Why yes, yes I am wondering that!
Why should she not?
Hmm, let’s see. There’s the fact that that’s not fair. There’s also the fact that making a lazy, impatient, selfish man look good is a deception, and is dangerous, because then people may come to trust or rely on that man in a way they would not if they knew who he was. There’s also the fact that this is enabling, and ensuring that they do not have any reason to change. What lazy, impatient, selfish men generally need is for someone to stand up to them and say that that is not okay. So actually, covering for them and making them look good when they’re not is worse not only for those around them but also for lazy, impatient, selfish men themselves.
But somehow I don’t think Debi was expecting an actual answer.
By being a crown to her husband, she is raising children who will rise up and call her blessed. By the time they are teens, they will know their dad is something much less than he should be, but they will honor him because of the example of their mother.
I have spoken with enough individuals with submissive mothers and selfish, manipulative, abusive fathers to know that this is completely false. Generally, children with such parents are grateful when the mother finally says enough—and those whose mothers never say this are often resentful, or else end up viewing their mother with pity.
And what about the risk that a child with such parents will grow up to repeat such patterns? What about the chance that a son will see his father’s selfishness as normal, and repeat that pattern? What about the chance that he will walk in his father’s footsteps and be a bad husband and a bad father? What about the chance that a daughter will learn from her mother’s example and simply roll over if she finds herself in an abusive or unhealthy relationship?
Also, is it a really good idea to give honor when there is nothing to merit giving honor?
By being a crown to her husband, she is winning his love and appreciation, thus she gets treated much better than if she stood against him.
Woah, woah, woah.

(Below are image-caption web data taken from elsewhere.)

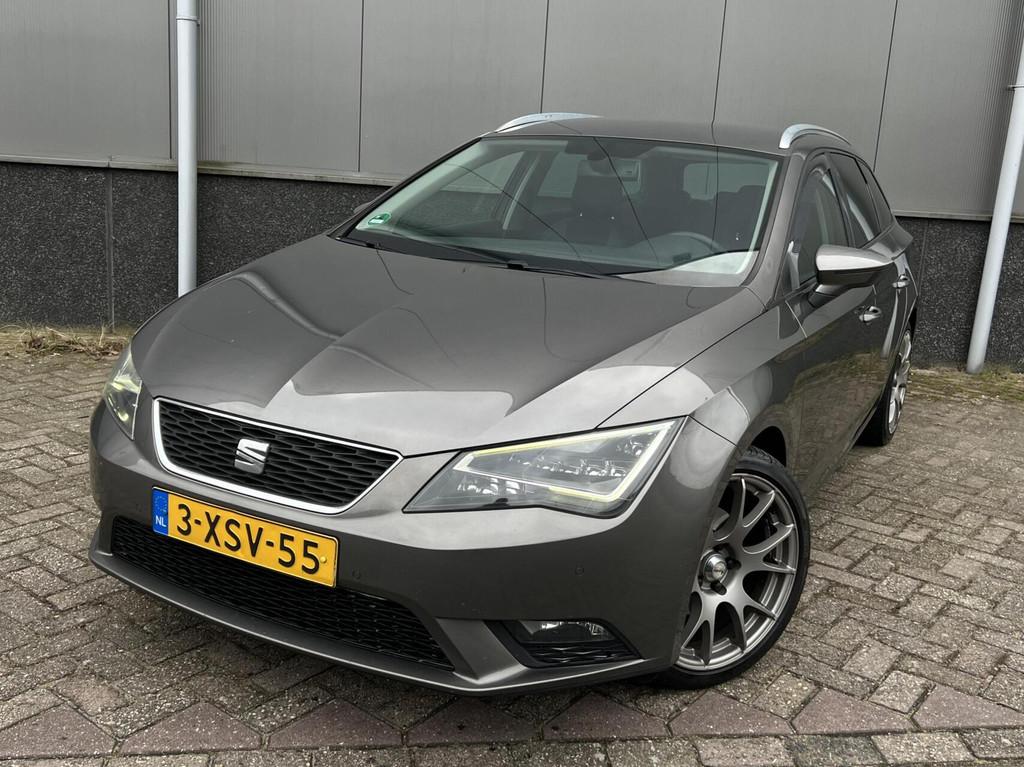 Seat Leon ST 1.6 TDI Ecomotive Lease Sport NL Auto NAP, Voorwielaandrijving, Euro 5, Gebruikt, 4 cilinders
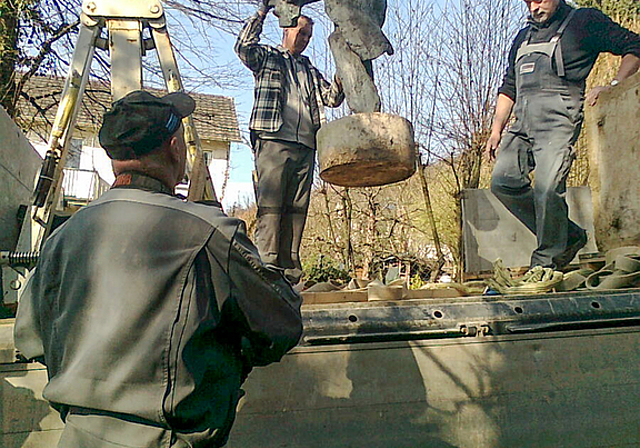 Abtransport ins Frankenland: Albert Schillings Skulptur «Salome» wird sorgfältig auf den Lastwagen gehievt.  Foto: ZVG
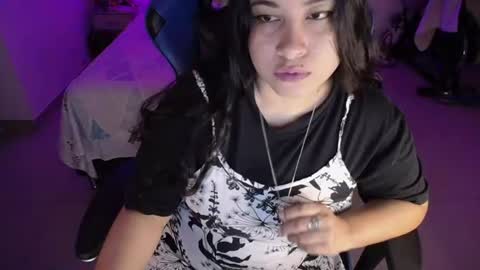 laura online show from 06/29/26, 02:40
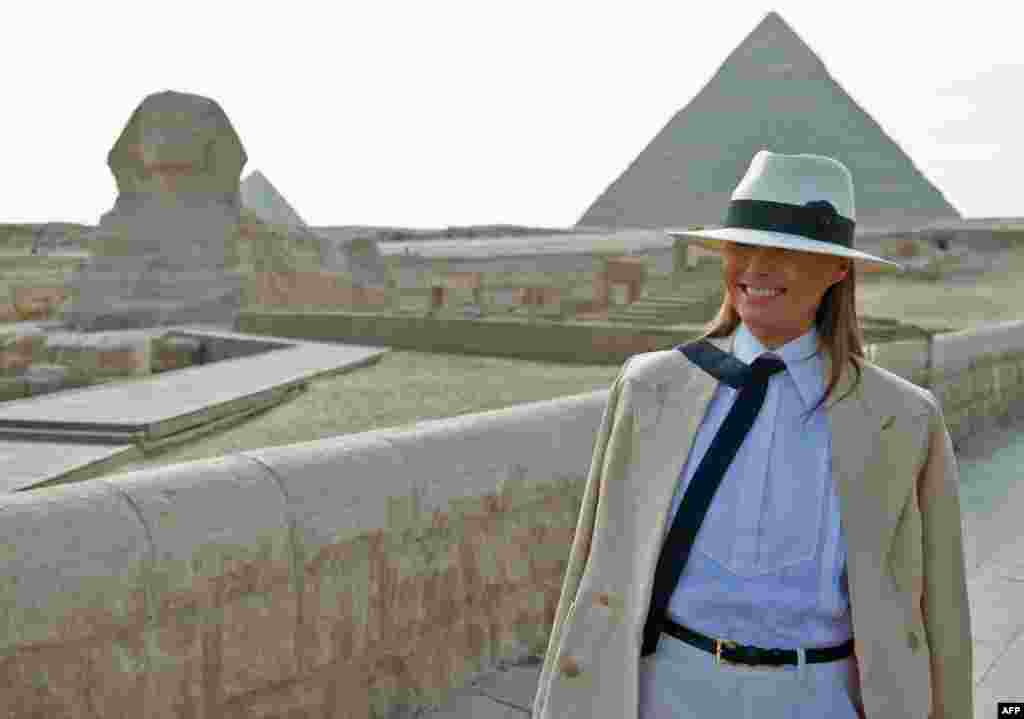 Primeira-dama americana, Melania Trump, no Egipto, a sua última paragem no périplo a África. Esta foi a primeira viagem a solo de Melania Trump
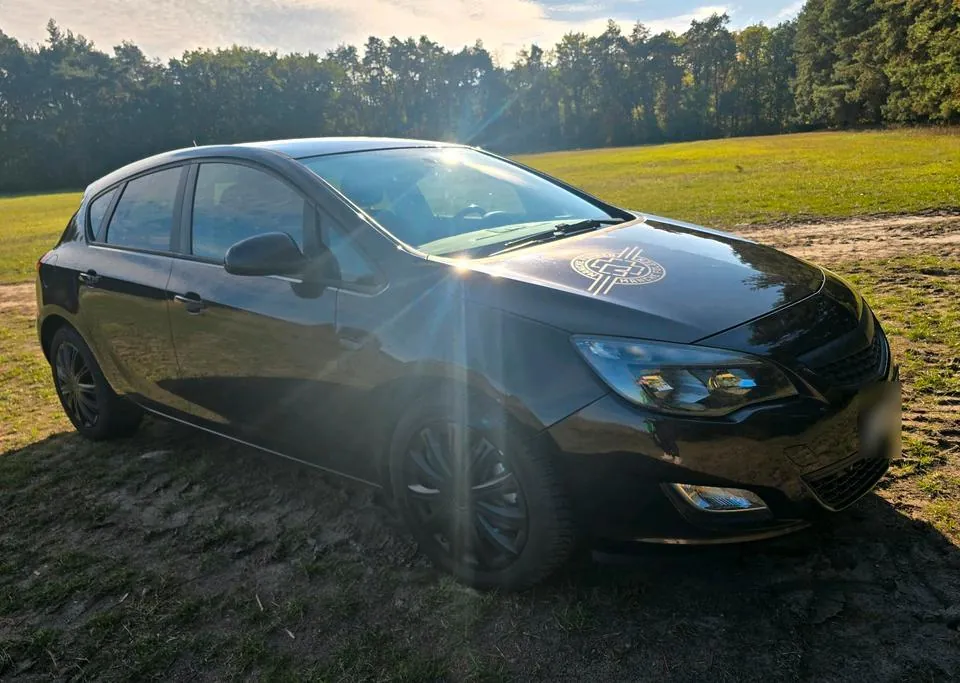 Opel Astra J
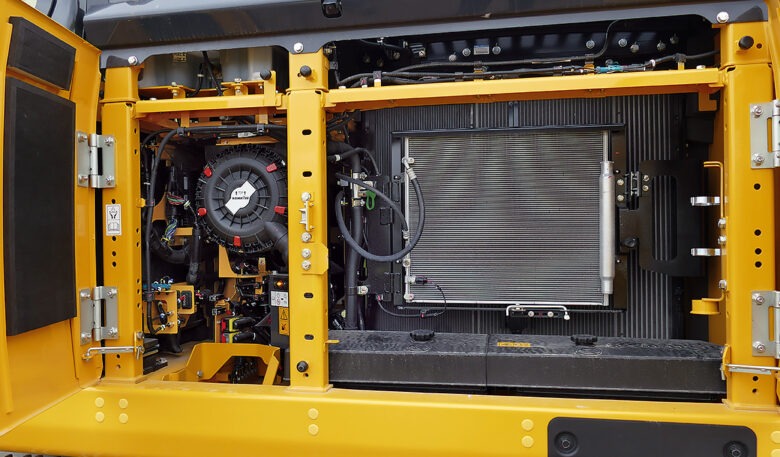 Komatsu PC 220LCi-12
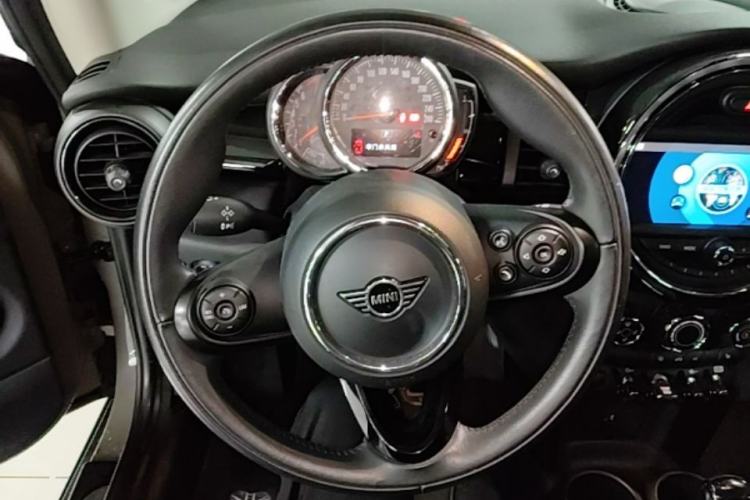 Used MINI 2019 1.5T COOPER Classic Edition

Back right up there. Just what kind of worse treatment are we talking about here? Because when it comes to men who are abusive or manipulative, “she was asking for it” is a very common defense, even for physical abuse. If she just hadn’t been so XYZ, I never would have hit her! This idea that a man will treat a woman badly if she stands up to him, but will treat her with love and appreciation if she is submissive and covers for his faults . . . this is not healthy. This is also not true for men who have healthy relationship skills.
And, by being a prudent woman in how she uses the meager funds given to her, she is gaining a comfortable place to raise her family.
Exactly what does Debi mean by “comfortable”? If a man is unemployed and refuses to get work, even pinching pennies isn’t going to result in “comfortable.”
In the final analysis, she is doing exactly what God says will cause her husband to come to God.
This is a constant theme for Debi, this idea that if a woman is perfectly submissive that will cause her husband to wonder what she has that he doesn’t and through her example find God. In a few chapters, Debi will tell a story of a woman who submitted to her husband in all things even when she did not want to and was so kind and sweet that he was eventually saved. That story stands out to me because the thing that is hard for that woman about submitting is that her husband requires her to perform oral sex on him even though doing so is repulsive to her because he was extremely unclean and never bathed. And yet, she submits, and as a result of years of sacrifice, her husband comes to Jesus. It’s hard to describe how horrific I find this.
And most of all, she is bringing honor to God by fulfilling her calling as a help meet.
Well of course—women’s role is as appendages to men.
In the end, people who know her will know the truth.
If that’s so then what’s the point of covering for your husband in the first place?
I am really disturbed by this passage. I’m trying to figure out precisely why it is so disturbing to me. I think a lot of it has to do with this expectation that women should cover for their husbands’ shortcomings while their husbands take all of the credit. That isn’t just not fair, it’s downright deceptive, bad for everyone involved, and even dangerous.